Monday, August 29, 2011

Miseducation in 2011

As with any of my musings they always seem to come at those moments when my body and mind are at conflict regarding the need to conduct physical exercise as if I am training for mini camp with a NFL franchise or worst yet a MMA fight.  In light of that mental and physical battle I offer you this commentary regarding the Miseducation of Today’s Negro.    However, before I do I offer you these sobering statistics:

o   42,000,000 adults are illiterate meaning they can not READ
o   Every 26 seconds a young person drops out of school
o   90% of welfare recipients are high school dropouts
o   2/3 of the students who can not read by the end of the 4th grade will end up in jail or welfare
o   85% of all who enter the juvenile court system are functionally illiterate
o   40% of minority students fail to graduate with their class.

If you are anything like me you find this not only heartbreaking, but a tragedy in light of the work that some of my friends who are educators are doing.  See what I have come to understand is that education like every other American enterprise from cars to real estate to good ole heaven has become profit centers and as any good capitalist would tell you there is money to be made and people are getting paid. 

Schools are no longer centers of intellectual curiosity as they may have once been.  In less than 15 years schools have been transformed into test mills that process young people into lines that ultimate suggest prison or college and do very little to prepare them for anything in between.  Matter of fact in a recent paper I wrote regarding high stakes testing I pointed out that within the last 10 years (1997-2007) the economics of the testing industry and all of the spin offs have gone from a $260 million dollar a year industry to an $700 million dollar a year industry (Supovitz, 2009). 

The unfortunate state of today’s formulated education system is that it is created to push square pegs into round holes without addressing all of the many variable factors that make young people round, square, triangle and any other number of geometric shapes.  The frightening part about it is young people are realizing this fact earlier and rebelling against a system that has insisted on defining them by a test that has no implications on their abilities to compete in a global economy.  Matter of fact researchers Donnor & Shockley suggested that standardized test are neither indicative nor representative of whether a person can apply or transfer the information they know in other settings (Donnor & Shockley, 2010).    
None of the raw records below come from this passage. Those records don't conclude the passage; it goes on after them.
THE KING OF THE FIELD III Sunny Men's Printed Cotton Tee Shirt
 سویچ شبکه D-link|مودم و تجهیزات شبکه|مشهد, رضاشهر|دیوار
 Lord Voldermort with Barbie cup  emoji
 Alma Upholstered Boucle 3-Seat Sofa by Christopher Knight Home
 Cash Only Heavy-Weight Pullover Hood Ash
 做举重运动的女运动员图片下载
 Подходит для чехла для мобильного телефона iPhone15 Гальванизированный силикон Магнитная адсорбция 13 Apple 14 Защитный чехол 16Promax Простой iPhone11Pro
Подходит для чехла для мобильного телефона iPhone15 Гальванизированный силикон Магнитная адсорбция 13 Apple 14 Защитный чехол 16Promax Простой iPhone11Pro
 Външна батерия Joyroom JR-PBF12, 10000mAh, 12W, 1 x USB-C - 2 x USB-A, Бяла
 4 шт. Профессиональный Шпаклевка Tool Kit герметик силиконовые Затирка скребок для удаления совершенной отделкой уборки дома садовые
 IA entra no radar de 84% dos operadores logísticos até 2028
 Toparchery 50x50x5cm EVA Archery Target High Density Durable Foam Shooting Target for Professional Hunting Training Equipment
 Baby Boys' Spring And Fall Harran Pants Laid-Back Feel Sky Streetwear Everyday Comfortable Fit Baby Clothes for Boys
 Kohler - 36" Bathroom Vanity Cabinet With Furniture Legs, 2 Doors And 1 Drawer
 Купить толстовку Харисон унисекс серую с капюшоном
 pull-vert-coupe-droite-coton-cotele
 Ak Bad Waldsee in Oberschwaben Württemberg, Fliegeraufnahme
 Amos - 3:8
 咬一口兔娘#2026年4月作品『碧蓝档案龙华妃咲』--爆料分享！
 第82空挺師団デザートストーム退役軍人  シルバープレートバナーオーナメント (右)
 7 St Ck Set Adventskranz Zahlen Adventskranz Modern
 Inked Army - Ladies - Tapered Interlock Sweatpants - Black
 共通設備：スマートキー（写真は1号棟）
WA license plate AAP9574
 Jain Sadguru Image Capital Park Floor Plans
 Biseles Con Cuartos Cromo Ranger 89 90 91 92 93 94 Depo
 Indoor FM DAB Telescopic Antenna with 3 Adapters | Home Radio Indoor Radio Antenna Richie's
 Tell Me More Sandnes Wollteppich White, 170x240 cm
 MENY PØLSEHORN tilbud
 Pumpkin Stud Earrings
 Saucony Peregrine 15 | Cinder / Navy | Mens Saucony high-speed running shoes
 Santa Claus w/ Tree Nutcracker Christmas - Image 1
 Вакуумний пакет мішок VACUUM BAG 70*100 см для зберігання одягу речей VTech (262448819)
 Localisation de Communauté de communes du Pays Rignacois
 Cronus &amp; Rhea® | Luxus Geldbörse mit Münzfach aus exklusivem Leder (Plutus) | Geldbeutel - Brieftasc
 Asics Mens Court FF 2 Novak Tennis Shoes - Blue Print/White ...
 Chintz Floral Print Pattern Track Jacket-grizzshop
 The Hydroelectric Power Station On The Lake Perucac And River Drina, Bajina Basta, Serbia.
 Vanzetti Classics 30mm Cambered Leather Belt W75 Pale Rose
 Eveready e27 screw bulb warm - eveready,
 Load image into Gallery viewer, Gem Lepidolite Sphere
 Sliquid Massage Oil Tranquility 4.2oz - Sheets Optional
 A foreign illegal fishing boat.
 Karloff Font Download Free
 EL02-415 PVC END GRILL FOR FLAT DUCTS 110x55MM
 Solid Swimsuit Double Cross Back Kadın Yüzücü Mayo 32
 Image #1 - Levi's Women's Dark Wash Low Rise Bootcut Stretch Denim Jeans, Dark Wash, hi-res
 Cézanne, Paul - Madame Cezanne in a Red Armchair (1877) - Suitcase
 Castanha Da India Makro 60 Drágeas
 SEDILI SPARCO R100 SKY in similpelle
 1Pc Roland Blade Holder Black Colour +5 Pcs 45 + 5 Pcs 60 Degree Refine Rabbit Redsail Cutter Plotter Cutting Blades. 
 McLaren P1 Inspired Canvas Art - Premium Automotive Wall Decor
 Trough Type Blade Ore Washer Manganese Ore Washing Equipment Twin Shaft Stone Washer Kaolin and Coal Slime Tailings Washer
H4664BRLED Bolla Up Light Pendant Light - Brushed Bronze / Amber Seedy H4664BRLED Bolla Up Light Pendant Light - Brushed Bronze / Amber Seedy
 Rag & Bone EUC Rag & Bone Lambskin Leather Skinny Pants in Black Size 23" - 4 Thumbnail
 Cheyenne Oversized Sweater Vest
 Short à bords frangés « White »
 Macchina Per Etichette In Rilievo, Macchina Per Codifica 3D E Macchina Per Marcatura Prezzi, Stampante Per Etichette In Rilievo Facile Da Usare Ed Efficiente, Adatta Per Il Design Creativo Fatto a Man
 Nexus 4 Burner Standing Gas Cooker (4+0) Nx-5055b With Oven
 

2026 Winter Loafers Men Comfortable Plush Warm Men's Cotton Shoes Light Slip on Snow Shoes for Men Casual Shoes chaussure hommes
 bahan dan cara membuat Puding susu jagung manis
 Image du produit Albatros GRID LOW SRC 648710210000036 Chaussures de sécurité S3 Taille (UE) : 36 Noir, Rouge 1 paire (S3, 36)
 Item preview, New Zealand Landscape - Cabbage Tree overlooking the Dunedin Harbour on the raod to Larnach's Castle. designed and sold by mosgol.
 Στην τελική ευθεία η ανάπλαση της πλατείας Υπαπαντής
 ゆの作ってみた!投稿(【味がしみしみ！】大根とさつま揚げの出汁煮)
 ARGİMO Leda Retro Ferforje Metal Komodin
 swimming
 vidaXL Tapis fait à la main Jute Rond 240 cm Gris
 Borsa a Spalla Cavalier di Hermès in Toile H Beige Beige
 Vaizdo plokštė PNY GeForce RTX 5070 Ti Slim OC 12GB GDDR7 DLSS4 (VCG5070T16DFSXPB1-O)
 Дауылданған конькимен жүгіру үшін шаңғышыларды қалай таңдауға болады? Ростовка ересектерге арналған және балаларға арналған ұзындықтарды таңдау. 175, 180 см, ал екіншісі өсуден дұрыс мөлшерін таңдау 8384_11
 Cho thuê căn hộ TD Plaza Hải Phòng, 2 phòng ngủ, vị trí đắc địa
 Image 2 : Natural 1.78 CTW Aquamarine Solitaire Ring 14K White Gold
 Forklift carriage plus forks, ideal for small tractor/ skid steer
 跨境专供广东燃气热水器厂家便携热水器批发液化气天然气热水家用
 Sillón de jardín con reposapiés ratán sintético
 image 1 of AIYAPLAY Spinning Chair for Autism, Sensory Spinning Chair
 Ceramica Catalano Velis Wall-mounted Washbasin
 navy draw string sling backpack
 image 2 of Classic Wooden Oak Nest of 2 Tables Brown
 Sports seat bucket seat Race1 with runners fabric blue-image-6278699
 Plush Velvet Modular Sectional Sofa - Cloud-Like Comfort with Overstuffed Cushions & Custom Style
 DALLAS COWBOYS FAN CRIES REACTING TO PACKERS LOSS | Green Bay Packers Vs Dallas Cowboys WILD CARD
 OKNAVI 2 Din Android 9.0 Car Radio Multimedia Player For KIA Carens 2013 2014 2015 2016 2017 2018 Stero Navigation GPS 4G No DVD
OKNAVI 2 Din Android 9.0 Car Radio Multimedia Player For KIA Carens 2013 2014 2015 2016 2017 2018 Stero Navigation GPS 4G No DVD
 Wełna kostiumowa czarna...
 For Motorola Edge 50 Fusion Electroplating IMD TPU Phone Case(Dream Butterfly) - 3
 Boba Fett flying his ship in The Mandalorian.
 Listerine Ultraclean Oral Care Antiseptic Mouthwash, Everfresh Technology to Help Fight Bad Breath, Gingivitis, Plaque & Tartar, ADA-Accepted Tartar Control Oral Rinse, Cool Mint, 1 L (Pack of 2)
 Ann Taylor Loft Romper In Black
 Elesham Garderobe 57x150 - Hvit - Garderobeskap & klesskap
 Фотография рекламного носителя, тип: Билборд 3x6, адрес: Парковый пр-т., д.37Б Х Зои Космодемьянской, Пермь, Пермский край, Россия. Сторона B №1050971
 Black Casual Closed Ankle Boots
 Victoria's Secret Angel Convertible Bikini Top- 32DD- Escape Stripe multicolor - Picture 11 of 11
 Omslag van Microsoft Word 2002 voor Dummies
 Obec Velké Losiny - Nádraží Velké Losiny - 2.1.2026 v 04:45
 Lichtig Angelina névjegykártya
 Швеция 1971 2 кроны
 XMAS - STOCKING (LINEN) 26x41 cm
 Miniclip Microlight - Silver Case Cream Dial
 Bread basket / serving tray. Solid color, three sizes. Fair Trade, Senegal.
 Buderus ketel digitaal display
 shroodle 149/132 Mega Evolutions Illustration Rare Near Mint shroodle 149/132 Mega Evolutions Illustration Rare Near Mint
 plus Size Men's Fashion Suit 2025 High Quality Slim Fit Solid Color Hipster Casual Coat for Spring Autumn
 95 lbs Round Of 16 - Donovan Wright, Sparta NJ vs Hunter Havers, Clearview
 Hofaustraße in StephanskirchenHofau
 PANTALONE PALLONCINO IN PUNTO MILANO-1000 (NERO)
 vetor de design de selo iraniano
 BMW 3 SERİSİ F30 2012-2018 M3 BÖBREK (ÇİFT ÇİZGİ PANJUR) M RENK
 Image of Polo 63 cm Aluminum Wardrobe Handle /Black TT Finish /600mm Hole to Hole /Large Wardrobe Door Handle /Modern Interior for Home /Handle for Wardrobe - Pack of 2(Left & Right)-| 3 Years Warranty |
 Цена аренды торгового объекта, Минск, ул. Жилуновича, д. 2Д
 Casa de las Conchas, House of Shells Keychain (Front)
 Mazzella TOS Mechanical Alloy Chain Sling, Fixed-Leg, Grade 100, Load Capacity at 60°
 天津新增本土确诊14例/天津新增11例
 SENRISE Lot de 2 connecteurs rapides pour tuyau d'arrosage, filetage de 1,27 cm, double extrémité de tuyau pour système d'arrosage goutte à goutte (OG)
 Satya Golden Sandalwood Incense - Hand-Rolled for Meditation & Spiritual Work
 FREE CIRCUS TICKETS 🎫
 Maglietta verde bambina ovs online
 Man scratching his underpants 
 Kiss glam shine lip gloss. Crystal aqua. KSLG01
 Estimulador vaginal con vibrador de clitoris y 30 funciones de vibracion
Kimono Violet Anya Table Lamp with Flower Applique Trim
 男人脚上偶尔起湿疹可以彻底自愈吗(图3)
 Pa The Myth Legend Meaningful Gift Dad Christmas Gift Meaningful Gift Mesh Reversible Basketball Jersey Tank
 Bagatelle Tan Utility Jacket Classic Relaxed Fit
Moreover, while we test our way into nowhere American children are falling further behind their global counterparts in reading and math.   Therefore, leading kids down the path of forced servitude via America’s prison system.  However, the shortsightedness of all of this is that the prison system takes all comers and as our education system crumbles around us no one will be able to escape its impact. 

I AM Irvin PeDro Cohen
That’s My Truth and I AM Sticking To It.
Donnor, J.K., Shockley, K. G. (2010).  Leaving Us Behind:  A Political Economic
Interpretation of NCLB and the Miseducation of African American Males, Educational Foundations, pp 43-54.
Supovitz, J. (2009).  Can High Stakes Testing Leverage Educational Improvements?
Prospects From the Last Decade of Testing and Accountability Reform, Journal Education Change, Vol. 10, pp 211-227. DOI 10.1007/s10833-009-9105-2.